"Андо удается донести до зрителя простые метафоры простыми средствами (на фото — Храм Света в Осаке) |
Альфред Нобель не предусмотрел премии по архитектуре, что очень волнует архитекторов. Сразу несколько архитектурных наград претендуют на статус архитектурной Нобелевки. Есть Притцкеровская премия, которая вручается каждый год, есть Карлсбергский приз, который вручают раз в четыре года, есть "Золотой лев" Венецианской биеннале, есть золотая медаль Международного союза архитекторов, и все они называются архитектурным аналогом Нобелевской премии. После того как Тадао Андо получил золотую медаль, он стал абсолютным рекордсменом по премиям. Первым из архитекторов он стал обладателем всех четырех архитектурных Нобелевок.
Тадао Андо прежде всего оценили на родине. Уже в 1979 году он получил главную национальную архитектурную премию за Row House, двухэтажный дом с открытым небу внутренним двором на 58 квадратных метрах. Сочетание европейского лоска и японской изощренной простоты сделали этот крошечный объект классикой современной архитектуры. Тогда Андо открыли европейцы и американцы, обнаружившие, что архитектор из Осаки развил японские корни европейского модернизма, работал как европеец, но с недоступной европейцам тонкостью и перфекционизмом. Он показал Западу ценность его собственного модернистского наследия, и стоит ли удивляться, что к юному для архитектора 64-летнему возрасту он награжден всеми архитектурными премиями, какие только можно себе представить: премией японского императора, премией Королевского общества британских архитекторов, французской премией изящных искусств и словесности и т. д. и т. п.
Здания Андо давно стали фасадом японской архитектуры (на фото — павильон Японии на Expo-92 в Севилье) |
Позицию Тадао Андо в архитектуре легче понять, если вспомнить об одном обстоятельстве. В 80-е он был постоянным председателем жюри так называемых японских бумажных конкурсов. Это были конкурсы на довольно абстрактные темы — "Хрустальный дворец", "Оплот сопротивления", "Дом одинокого человека". Тадао Андо был тем человеком, который дал премии русским бумажным архитекторам — Александру Бродскому, Илье Уткину, Михаилу Филиппову, Михаилу Белову. Их архитектурные фантазии отличались от продукции архитекторов из других стран двумя свойствами — совершенной нефункциональностью и духом поэтической меланхолии. Именно этот дух Тадао Андо и оценил, и именно это и является тем поворотом, который определяет его специфику в современной архитектуре.

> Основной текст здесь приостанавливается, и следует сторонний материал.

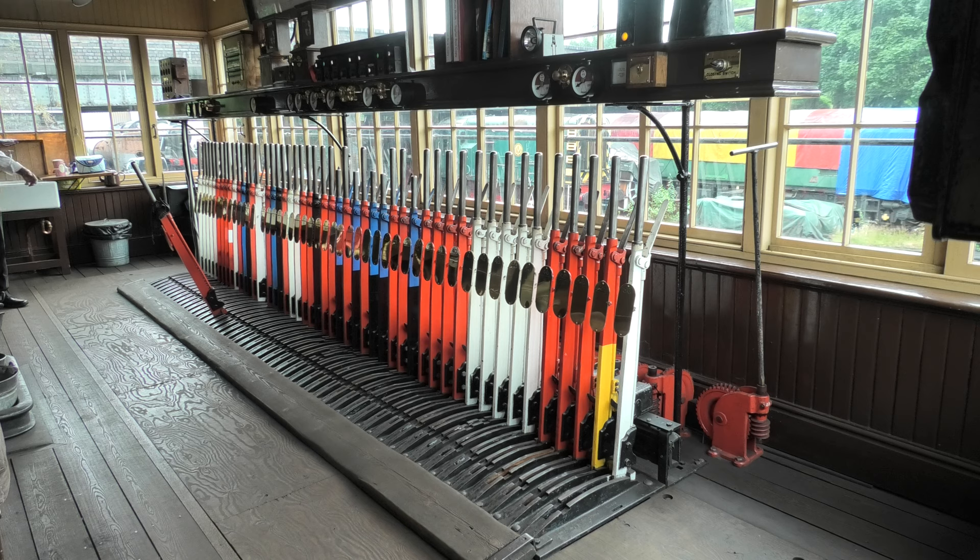It's a living museum, with the infrastructure and everything else. Would you like to tell us what the white levers do? They're spares — they're not connected. What about the red levers? The red are stop signals.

Своим первым знаменитым домом — Row House в Осаке — Андо показал, что он стоит особняком в японской архитектуре |
В этом сущность архитектурной поэтики Тадао Андо. Он делает что-то очень простое, но так, что ты начинаешь заново ощущать основные архитектурные категории — пространство, пропорции, стену, окно, квадрат и круг. Сталкиваясь с ним, заказчики и архитекторы впадают в состояние задумчивой медитации, трудно соотносимой с идеями полезной площади, цены квадратного метра, функции. В итальянском Тревизо в 1997 году он построил исследовательский центр компании Benetton. Это чудный круглый двор, в который утомленные исследованиями служащие компании должны были выходить для медитаций. Двор был выстроен вокруг старого ливанского кедра, неведомо как проросшего в земле
Андо приобщает европейцев к восточным ценностям. В его зданиях начинают медитировать даже европейские чиновники (на фото — павильон для медитации в парижской штаб-квартире ЮНЕСКО) |
Любимые архитекторы Андо — Фрэнк Ллойд Райт и Ле Корбюзье. Собственно, те же самые, что и у всех европейских архитекторов его поколения. Но у них наследие этих великих мастеров превращается в какие-то убогие бетонные блоки и грязные стеклянные прямоугольнички наподобие застройки советских спальных районов и промзон. Что постоянно подводит архитектурную общественность к тревожному ощущению кризиса современной архитектуры. В творчестве Тадао Андо те же формы приобретают глубину и изысканность японского хокку, когда фактура грубого бетона оказывается основанием для бесконечной медитации над основами бытия. Наверное, поэтому его так любят. Архитекторы всего мира, глядя на его работы, чувствуют, что они заняты не строительством, а искусством, и дают ему за это все премии, какие у них есть.